Description
The book presents a grand narrative of the period from 1870 to 2010, framing it as the “long twentieth century.” This era, the author contends, was uniquely transformative, bookended by two pivotal developments: the rise of the networked research laboratory and the corporate form, which unleashed sustained technological innovation, and the fall of the Berlin Wall, which signaled the apparent triumph of a single global economic system. The central paradox of this century is that humanity finally solved the ancient problem of production, generating unprecedented material abundance, yet failed to create a stable, just, or widely satisfying utopia. Instead, the world “slouched” towards it—lurching forward unevenly, plagued by crises, inequality, and profound discontent.
Prior to 1870, the author argues, human economic life was defined by the Malthusian trap, where any increase in production was quickly swallowed by population growth, leaving the vast majority in poverty. The great escape began with the coordinated application of science to business through new institutions. This engine of innovation—powered by figures like Edison and the corporate labs of companies like Bayer—drove a relentless increase in productivity. It birthed the technologies that defined modern life: electricity, synthetic chemicals, the internal combustion engine, and later, the computer. For the first time, the production of goods and food could outpace population growth, creating the potential for widespread wealth.
This potential, however, was channeled through the competing ideologies that fought to shape the new global order. The book meticulously traces the clash between laissez-faire liberalism, socialism, and nationalism. The first half of the long century was a brutal contest, culminating in the world wars and the Great Depression, which seemed to discredit unfettered capitalism. From the ashes arose a mid-century compromise, particularly in the West: the “social democratic bargain.” This system blended regulated markets, strong labor unions, progressive taxation, and a welfare state to distribute the fruits of growth more broadly. For a few decades, it appeared that utopia might be within reach, with rising living standards, relative equality, and a sense of shared progress.
Yet this golden age was fragile and geographically limited. The book shows how the social democratic order was undermined from within by its own successes and from without by global pressures. The oil shocks of the 1970s, the resurgence of free-market fundamentalism championed by figures like Friedrich Hayek and Milton Friedman, and the powerful forces of globalization began to unravel the post-war consensus. The neoliberal revolution, victorious after the collapse of the Soviet model, promised a new utopia of global markets and individual freedom. Instead, it accelerated the very inequalities the earlier compromise had mitigated.

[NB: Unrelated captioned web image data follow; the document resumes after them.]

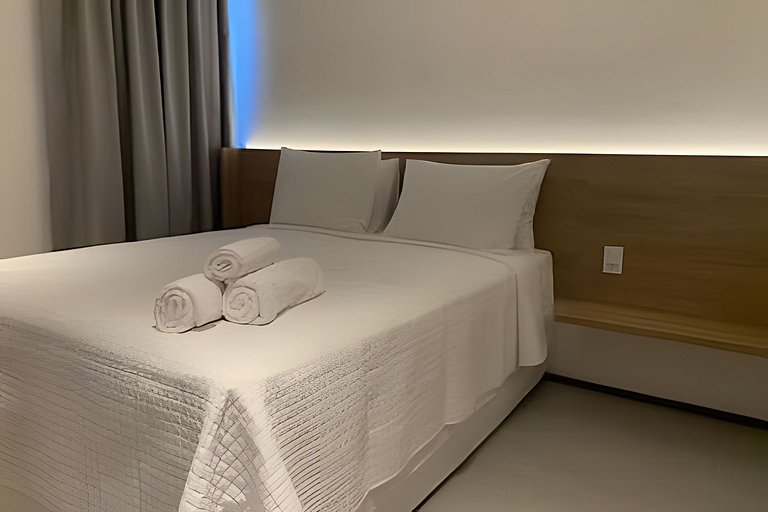 Cond. Apartment. Beach Access for 5 People by MME
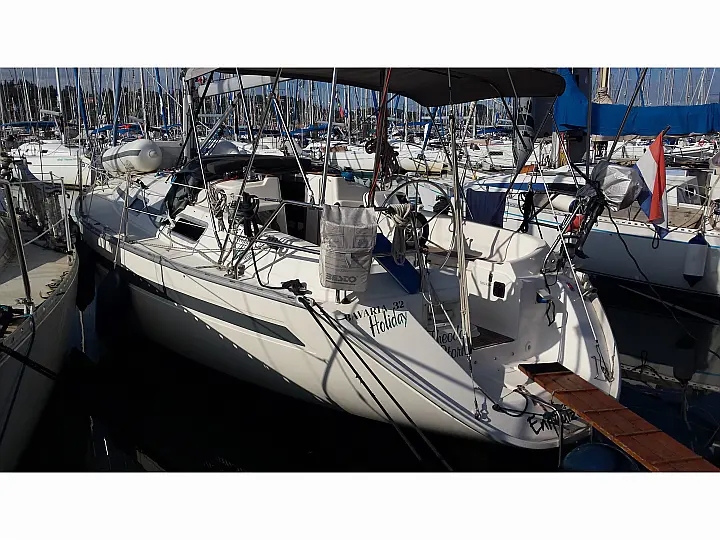 Bavaria 32 Holiday - External image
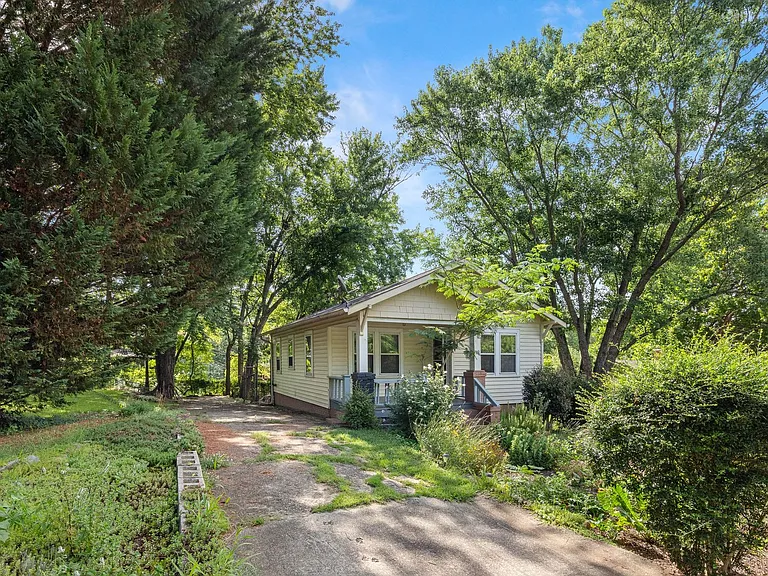 39 Adams St — Photo 13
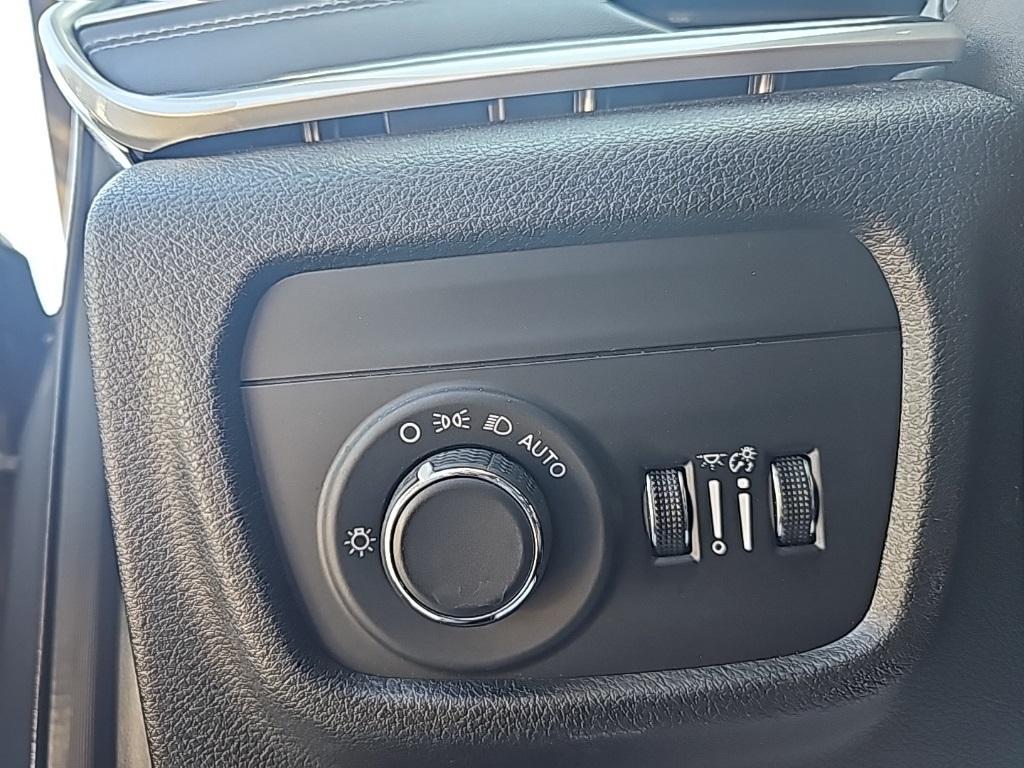 used 2023 Jeep Grand Cherokee car, priced at $24,988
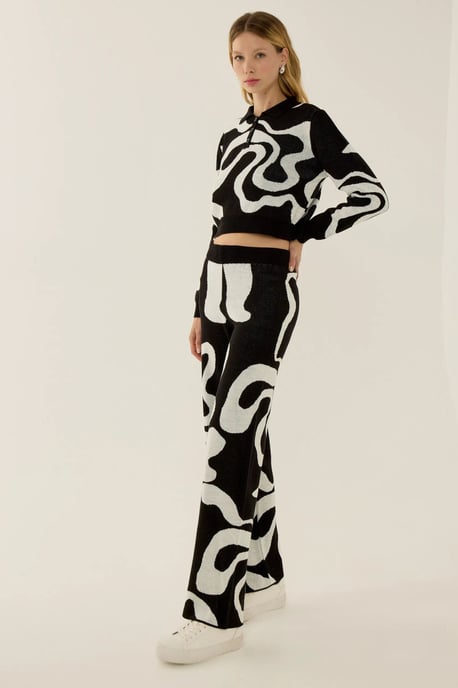 Polo Collar Jacquard Knit Sweater - Image 4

The author demonstrates that the post-1990 world, while richer than ever, is characterized by deep fissures. Financialization turned finance from a servant of industry into a master of the economy, leading to instability and spectacular crises. Globalization created winners and losers, hollowing out industrial communities in the West while fueling growth elsewhere, but often without the protective institutions of the mid-century bargain. Technology continued to advance, but its benefits were captured disproportionately by a small elite, while leaving many feeling insecure and left behind. The promise of leisure and fulfillment gave way to a culture of anxious overwork and consumerism that failed to deliver deep happiness.
Ultimately, the book is a story of a great failure of imagination and institutions. Humanity mastered the science of production but not the art of distribution, governance, or meaning-making. The economic system became brilliantly efficient at generating wealth but proved incapable of ensuring that wealth translated into broad-based security, dignity, or purpose. The political ideologies that emerged to manage this abundance either collapsed, like communism, or became corrupted and ineffective, like liberalism and social democracy, leaving a vacuum filled by populist anger and technocratic management.
The journey from 1870 was not a march but a slouch—a messy, uneven, and often tragic process. We arrived at a world of miraculous technology and profound discontent, of plenty alongside precarity. The long twentieth century solved the problem of scarcity but left us with the more complex problems of fairness, stability, and human fulfillment. The book concludes not with a blueprint but with a sobering question: having built the engine of abundance, can we now build the political and social wisdom to steer it toward a genuinely better world for all, or will we continue to slouch indefinitely, never quite reaching the utopia that once seemed within our grasp?